Work required: From the line containing "Ноускат HONDA CROSSROAD RT3 4 ракурс" through the end of the material below, output each line exactly as written, with pictures excluded.

Top of Raw data

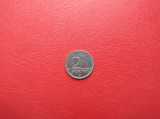 UNGARIA - 2 FORINT 2003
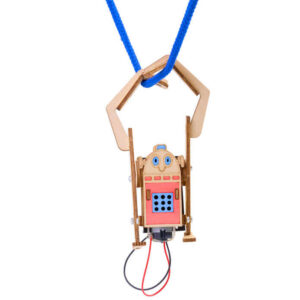 Heebie Jeebies Creator Ninja Bot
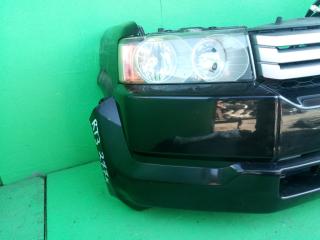 Ноускат HONDA CROSSROAD RT3 4 ракурс
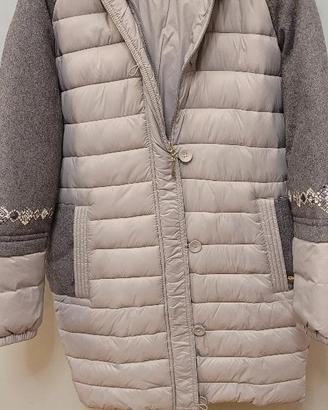 Piumino Twin Set 14A 162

Bottom of Raw data

Written answer:
 Ноускат HONDA CROSSROAD RT3 4 ракурс
 Piumino Twin Set 14A 162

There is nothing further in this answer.